Given a binary tree, find its minimum depth.

The minimum depth is the number of nodes along the shortest path from the root node down to the nearest leaf node.

Note: A leaf is a node with no children.

Example:

Given binary tree [3,9,20,null,null,15,7],

    3
/ \
9  20
/  \
15   7

return its minimum depth = 2.

### 链接

https://leetcode.com/problems/minimum-depth-of-binary-tree

### 题解

• 使用dfs，对当前结点，如果它的左子树为空，那么就得考虑它的右子树；如果它的右子树为空，那么就得考虑它的左子树，如果都不为空，那么就取左右子树深度的最小值。

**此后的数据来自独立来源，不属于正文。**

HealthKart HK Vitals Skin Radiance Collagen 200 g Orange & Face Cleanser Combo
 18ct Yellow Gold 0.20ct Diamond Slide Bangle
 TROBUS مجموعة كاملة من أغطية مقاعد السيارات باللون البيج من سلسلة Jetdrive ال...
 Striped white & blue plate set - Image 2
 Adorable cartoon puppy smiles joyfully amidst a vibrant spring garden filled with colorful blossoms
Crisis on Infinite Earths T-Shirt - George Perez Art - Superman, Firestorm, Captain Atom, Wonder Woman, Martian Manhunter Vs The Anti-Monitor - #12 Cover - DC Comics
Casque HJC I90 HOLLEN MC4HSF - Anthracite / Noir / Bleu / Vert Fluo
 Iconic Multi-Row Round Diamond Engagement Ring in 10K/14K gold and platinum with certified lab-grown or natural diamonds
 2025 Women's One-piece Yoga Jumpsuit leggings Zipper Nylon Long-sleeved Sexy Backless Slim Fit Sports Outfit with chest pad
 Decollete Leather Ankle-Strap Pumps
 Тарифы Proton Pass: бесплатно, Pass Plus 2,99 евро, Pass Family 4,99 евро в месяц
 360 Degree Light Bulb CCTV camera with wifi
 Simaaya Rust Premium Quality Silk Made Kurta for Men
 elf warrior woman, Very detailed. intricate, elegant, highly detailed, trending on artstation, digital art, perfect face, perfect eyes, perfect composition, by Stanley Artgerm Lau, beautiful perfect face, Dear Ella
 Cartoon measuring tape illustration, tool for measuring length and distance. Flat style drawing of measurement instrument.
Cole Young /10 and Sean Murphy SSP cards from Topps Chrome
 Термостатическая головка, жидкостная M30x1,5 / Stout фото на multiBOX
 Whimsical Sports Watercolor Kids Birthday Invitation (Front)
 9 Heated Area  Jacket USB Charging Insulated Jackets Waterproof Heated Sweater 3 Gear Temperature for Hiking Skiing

因为如果恰好有一个子树为空，那么当前结点就不是叶子节点，而深度只能从非空子树中产生。
• 使用bfs，层次遍历，对于当前结点，如果其左子树和右子树都为空，那么直接返回就行了。
• 实际上使用bfs比较好，考虑一颗二叉树，如果它的左子树有100个结点，右子树只有1个结点，那么使用dfs需要遍历101个结点而bfs只需要遍历2个结点。

### 代码

• Runtime: 16 ms, faster than 99.78% of C++ online submissions for Minimum Depth of Binary Tree.
• Memory Usage: 19.8 MB, less than 58.91% of C++ online submissions for Minimum Depth of Binary Tree.
// dfs

class Solution {
public:
int minDepth(TreeNode* root) {
if (root == NULL)
return 0;
int leftMinDepth = minDepth(root->left);
int rightMinDepth = minDepth(root->right);
return (leftMinDepth == 0 || rightMinDepth == 0) ?
leftMinDepth + rightMinDepth + 1 : min(leftMinDepth, rightMinDepth) + 1;
}
};
• Runtime: 16 ms, faster than 99.78% of C++ online submissions for Minimum Depth of Binary Tree.
• Memory Usage: 19.6 MB, less than 73.09% of C++ online submissions for Minimum Depth of Binary Tree.
// bfs

class Solution {
public:
int minDepth(TreeNode* root) {
if (root == NULL)
return 0;
queue <TreeNode* >q;
q.push(root);
int ans = 0;
while (!q.empty())
{
++ans;
int n = q.size();
for (int i = 0; i < n; ++i)
{
TreeNode* p = q.front();
q.pop();
if (p->left == NULL && p->right == NULL)
return ans;
if (p->left != NULL)
q.push(p->left);
if (p->right != NULL)
q.push(p->right);
}
}
return 0; // can not reach
}
};

### 参考

https://leetcode.com/problems/minimum-depth-of-binary-tree/discuss/36045

The end.
2019年3月7日 星期四